Israel and Palestine have been embroiled in conflict on-and-off since the early twentieth century. The land which Israel inhabits was formally Palestine, ruled over by the British following the First World War. It was mostly inhabited by an Arabic population of Palestinians. However, during the twentieth century and culminating after the Second World War, increasing volumes of Jewish immigrants settled in Palestine and built communities – this was due to the Zionist desire for the Jewish people to have their own homeland near the Holy Land of Jerusalem.
By 1947 the UN agreed to partition Palestine into two countries – one for the Jewish people and one for the Palestinian Arabs. However, almost immediately after Israel became a nation (1948) they took more land than had been agreed by the UN and pushed out Arabic communities from their homes by force. In the decades since, Palestine has lost more and more land, causing a massive refugee crisis across the region and many Palestinians losing their lives. Israel has continued to impose institutionalised discrimination against Palestinians living under its rule in Israel and Occupied Palestinian Territories (OPT) and has maintained its illegal blockade of the Gaza Strip, subjecting its residents to collective punishment and deepening the humanitarian crisis there.

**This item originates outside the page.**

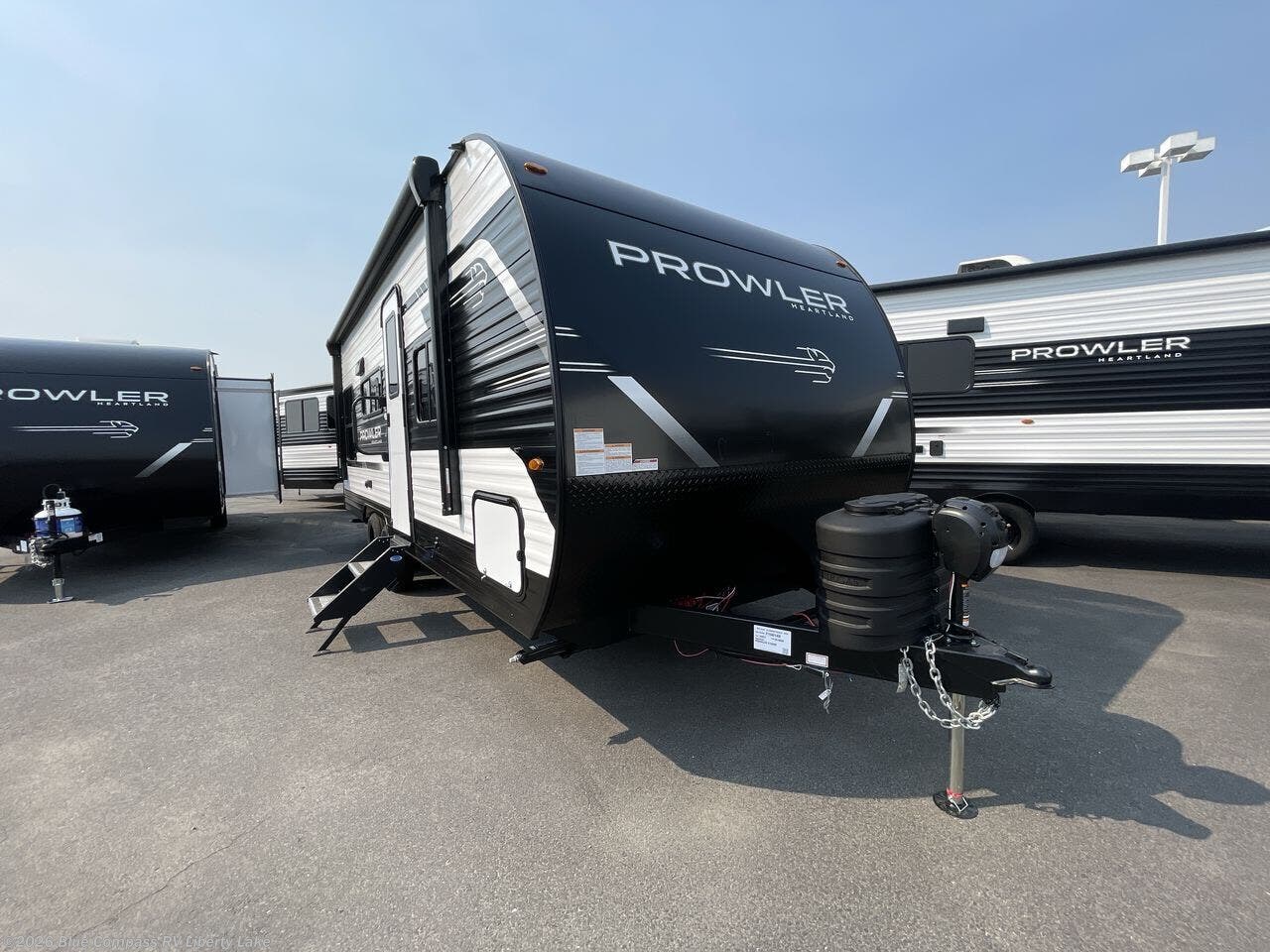 New 2027 Heartland Prowler 2100QB available in Liberty Lake, Washington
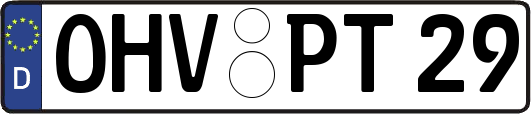 OHV-PT29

Traditionally, Israel has been supported by western governments but recently the tide for public sympathy internationally is swelling for Palestinian communities, shown through these protests.
What exactly is “highly offensive” or “historically inaccurate” about that? As usual in these cases, the moaners don’t explain.

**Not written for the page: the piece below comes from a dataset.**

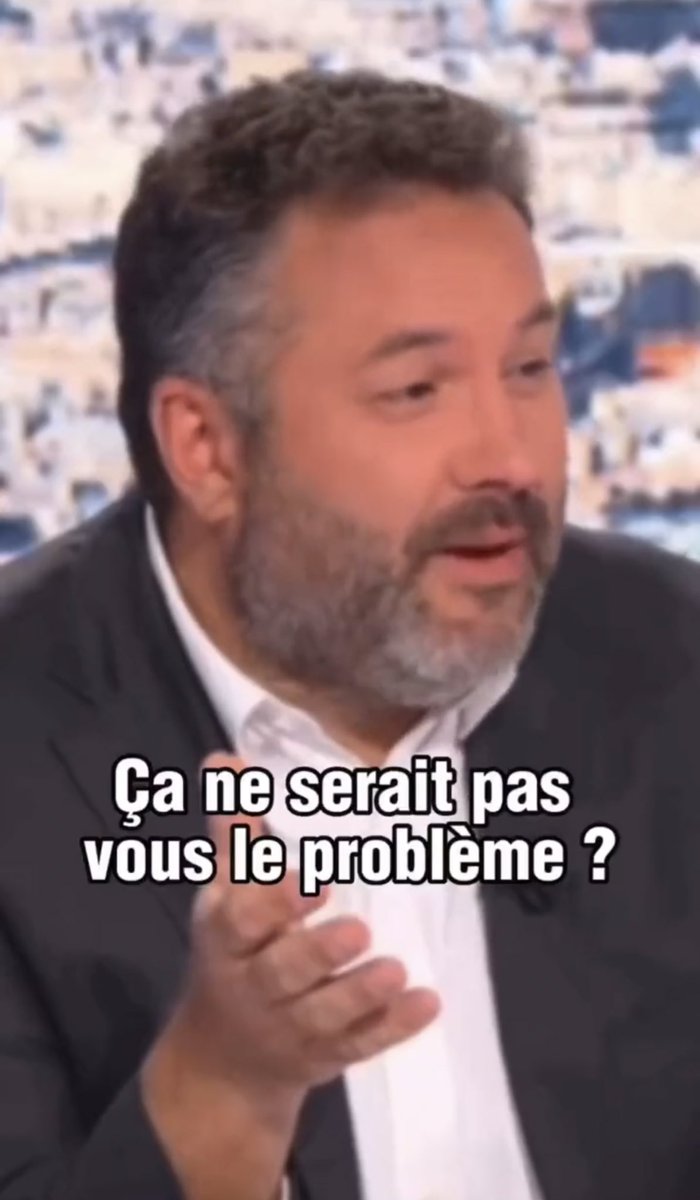 “Eric Zemmour, ce contrôleur SNCF de la CGT qui vous balance des insultes antisémites dans votre train, si vous n’étiez pas juif… il n’aurait rien dit… ça ne serait pas vous le problème ?”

Gone are the days when intelligent people automatically believe the Israeli narrative and its Zio-propaganda. Events are sufficiently well documented to reveal the truth. And research by Johns Hopkins University School of Medicine, published by the Oxford University Press in 2012, concluded that only a tiny percentage of Jews in Israel, most of whom flooded into the Holy Land from Eastern Europe intending to kick the Palestinians out, have no biblical or ancestral connection to Old Israel. This makes their repeated claim that “the land from the river (Jordan) to the sea” is theirs, all theirs, even more preposterous.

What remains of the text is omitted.